Zur amtswegigen Maßnahme zu 2./:
[7] Für die Beurteilung der konstatierten Äußerung als „diffamierend“ fehlt es an Feststellungen zu deren konkretem Bedeutungsinhalt. Feststellungen zum Bedeutungsinhalt können nämlich durch die bloße Wiedergabe des – im vorliegenden Fall durchaus interpretativen Spielraum bietenden – Wortlauts der Äußerung nicht ersetzt werden; eine solche dient allenfalls der Begründung getroffener Konstatierungen (vgl RIS‑Justiz RS0092437 [insb T4]). Bereits dieser Rechtsfehler mangels Feststellungen erfordert eine Aufhebung des Erkenntnisses im Umfang des Spruchpunkts 2./. Ein Eingehen auf das – der Sache nach beweiswürdigende Erwägungen zum ohnedies nicht konstatierten Bedeutungsinhalt anstellende – Berufungsvorbringen erübrigt sich daher.
[8] Der Berufung des Disziplinarbeschuldigten * wegen des Ausspruchs über die Schuld war daher in Ansehung der Schuldsprüche 1./ und 3./ nicht Folge zu geben.

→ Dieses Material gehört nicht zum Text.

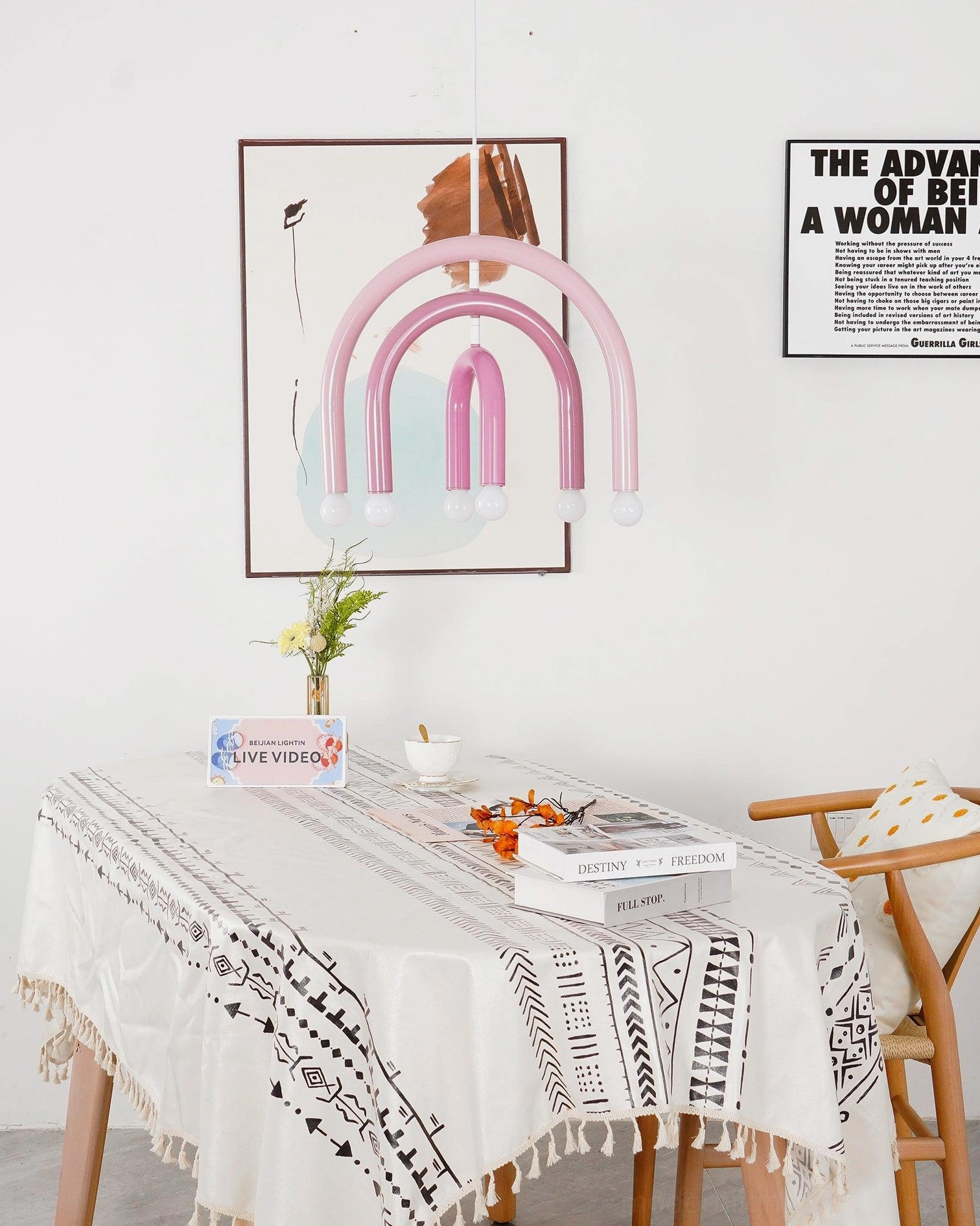 Modern rainbow arc pendant light artistic statement piece for creative spaces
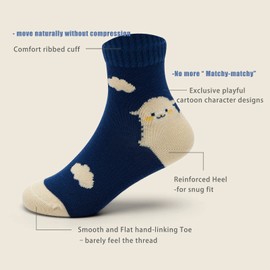 Boys Cotton Socks Seamless Socks Kids Colourful Cartoon Animal Cuddly Socks 6 Pairs, Animal Sheep/Boys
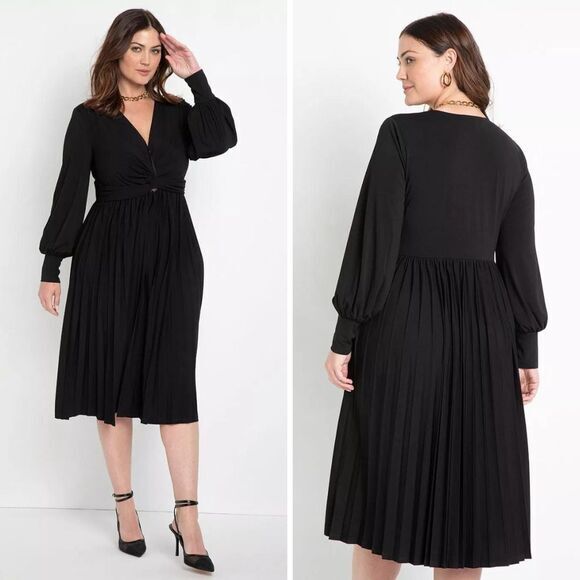 NEW Eloquii black Knot Front Pleated Skirt‎ Dress, 22 - Picture 1 of 16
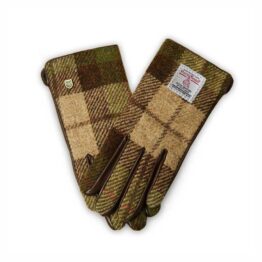 Ladies Harris Tweed Gloves Chestnut Tartan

[9] Aus deren Anlass war das Urteil, das im Übrigen unberührt zu bleiben hatte, im Schuldspruch 2./ von Amts wegen (§ 77 Abs 3 DSt iVm § 290 Abs 1 zweiter Satz erster Fall StPO) und demgemäß auch im Strafausspruch aufzuheben und die Sache in diesem Umfang zu neuer Verhandlung und Entscheidung an den Disziplinarrat der Rechtsanwaltskammer Niederösterreich zu verweisen.
[10] Mit seiner den Schuldspruch 2./ betreffenden Berufung wegen Schuld und seiner Berufung wegen des Ausspruchs über die Strafe war der Disziplinarbeschuldigte auf die kassatorische Entscheidung zu verweisen.
[11] Die Kostenentscheidung stützt sich auf § 54 Abs 5 DSt.